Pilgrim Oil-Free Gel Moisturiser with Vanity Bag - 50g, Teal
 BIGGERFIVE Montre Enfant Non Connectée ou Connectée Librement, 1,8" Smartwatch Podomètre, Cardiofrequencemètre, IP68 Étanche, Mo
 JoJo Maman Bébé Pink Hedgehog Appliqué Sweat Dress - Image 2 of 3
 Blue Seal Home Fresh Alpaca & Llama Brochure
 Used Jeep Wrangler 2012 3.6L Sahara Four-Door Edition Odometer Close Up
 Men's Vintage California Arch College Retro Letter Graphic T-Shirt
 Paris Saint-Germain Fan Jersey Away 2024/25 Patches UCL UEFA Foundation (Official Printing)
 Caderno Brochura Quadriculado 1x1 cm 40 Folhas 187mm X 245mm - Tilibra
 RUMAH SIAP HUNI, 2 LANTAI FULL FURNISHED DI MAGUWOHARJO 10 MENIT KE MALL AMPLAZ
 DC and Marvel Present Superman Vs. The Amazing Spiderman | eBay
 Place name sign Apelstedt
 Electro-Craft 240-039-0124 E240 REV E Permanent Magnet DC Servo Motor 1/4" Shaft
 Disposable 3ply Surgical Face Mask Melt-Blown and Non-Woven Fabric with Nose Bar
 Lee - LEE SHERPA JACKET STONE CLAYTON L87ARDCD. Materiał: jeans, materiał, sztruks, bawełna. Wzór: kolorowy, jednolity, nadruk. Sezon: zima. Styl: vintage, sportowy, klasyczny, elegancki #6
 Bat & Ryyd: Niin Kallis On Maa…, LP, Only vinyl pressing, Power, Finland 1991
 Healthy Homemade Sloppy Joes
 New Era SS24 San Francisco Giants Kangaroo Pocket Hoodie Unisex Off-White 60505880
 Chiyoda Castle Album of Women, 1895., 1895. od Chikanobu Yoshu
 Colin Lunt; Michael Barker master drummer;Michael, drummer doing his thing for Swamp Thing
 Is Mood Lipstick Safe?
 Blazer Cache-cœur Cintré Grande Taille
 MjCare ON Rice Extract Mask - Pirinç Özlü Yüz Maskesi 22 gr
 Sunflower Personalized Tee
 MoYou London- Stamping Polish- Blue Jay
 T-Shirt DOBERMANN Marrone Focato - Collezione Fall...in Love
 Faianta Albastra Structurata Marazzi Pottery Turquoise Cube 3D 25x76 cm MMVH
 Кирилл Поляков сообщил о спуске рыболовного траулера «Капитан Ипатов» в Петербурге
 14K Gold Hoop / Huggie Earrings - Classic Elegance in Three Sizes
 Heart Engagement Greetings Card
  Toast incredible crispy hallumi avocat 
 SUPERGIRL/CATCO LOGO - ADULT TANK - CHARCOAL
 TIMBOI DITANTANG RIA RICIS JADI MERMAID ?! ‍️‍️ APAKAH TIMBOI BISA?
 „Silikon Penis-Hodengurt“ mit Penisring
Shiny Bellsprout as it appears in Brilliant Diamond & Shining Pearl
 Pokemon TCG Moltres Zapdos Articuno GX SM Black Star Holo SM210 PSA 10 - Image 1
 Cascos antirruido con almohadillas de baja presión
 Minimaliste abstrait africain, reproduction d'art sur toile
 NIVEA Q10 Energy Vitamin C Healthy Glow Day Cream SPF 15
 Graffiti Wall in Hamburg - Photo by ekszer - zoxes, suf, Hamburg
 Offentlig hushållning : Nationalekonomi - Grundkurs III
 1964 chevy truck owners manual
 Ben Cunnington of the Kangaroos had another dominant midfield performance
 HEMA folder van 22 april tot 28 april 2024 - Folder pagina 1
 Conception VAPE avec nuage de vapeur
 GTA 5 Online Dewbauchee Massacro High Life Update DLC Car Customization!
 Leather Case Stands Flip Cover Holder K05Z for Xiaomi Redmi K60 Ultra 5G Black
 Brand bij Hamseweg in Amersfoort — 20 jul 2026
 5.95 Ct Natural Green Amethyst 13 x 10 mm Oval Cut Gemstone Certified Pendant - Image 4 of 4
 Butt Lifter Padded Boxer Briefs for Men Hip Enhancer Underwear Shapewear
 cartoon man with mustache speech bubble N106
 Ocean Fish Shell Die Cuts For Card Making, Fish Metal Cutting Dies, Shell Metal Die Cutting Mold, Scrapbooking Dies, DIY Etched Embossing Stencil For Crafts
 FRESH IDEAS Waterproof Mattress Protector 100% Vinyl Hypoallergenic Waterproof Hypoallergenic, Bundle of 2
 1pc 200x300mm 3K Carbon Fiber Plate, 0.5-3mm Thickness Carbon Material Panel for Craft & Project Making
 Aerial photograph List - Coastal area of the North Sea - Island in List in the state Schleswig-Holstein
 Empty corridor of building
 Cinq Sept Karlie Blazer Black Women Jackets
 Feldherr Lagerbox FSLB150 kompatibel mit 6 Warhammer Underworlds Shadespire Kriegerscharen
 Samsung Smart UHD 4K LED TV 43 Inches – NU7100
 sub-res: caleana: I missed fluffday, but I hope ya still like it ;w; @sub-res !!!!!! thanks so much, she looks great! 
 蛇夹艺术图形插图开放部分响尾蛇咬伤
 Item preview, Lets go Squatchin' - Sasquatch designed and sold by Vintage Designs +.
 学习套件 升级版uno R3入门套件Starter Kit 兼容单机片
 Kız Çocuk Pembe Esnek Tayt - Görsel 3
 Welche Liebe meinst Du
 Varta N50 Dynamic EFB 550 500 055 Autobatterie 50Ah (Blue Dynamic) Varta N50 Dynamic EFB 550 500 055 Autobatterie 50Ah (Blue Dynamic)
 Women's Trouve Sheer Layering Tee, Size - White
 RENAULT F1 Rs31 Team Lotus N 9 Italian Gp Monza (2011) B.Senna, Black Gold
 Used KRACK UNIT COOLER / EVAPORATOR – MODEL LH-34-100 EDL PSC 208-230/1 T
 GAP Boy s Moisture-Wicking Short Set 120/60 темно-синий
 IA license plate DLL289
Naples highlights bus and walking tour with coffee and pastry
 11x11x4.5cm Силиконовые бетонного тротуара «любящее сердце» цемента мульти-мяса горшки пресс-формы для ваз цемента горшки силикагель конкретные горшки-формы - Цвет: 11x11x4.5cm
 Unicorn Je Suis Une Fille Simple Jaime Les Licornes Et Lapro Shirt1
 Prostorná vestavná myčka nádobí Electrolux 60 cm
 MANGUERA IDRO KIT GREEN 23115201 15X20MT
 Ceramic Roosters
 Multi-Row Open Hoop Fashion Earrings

What is needed:
Each line of the records above, from the first through the one containing "Blue Seal Home Fresh Alpaca & Llama Brochure", is to be retyped exactly; no other line belongs.

Solution for this task:
Pilgrim Oil-Free Gel Moisturiser with Vanity Bag - 50g, Teal
 BIGGERFIVE Montre Enfant Non Connectée ou Connectée Librement, 1,8" Smartwatch Podomètre, Cardiofrequencemètre, IP68 Étanche, Mo
 JoJo Maman Bébé Pink Hedgehog Appliqué Sweat Dress - Image 2 of 3
 Blue Seal Home Fresh Alpaca & Llama Brochure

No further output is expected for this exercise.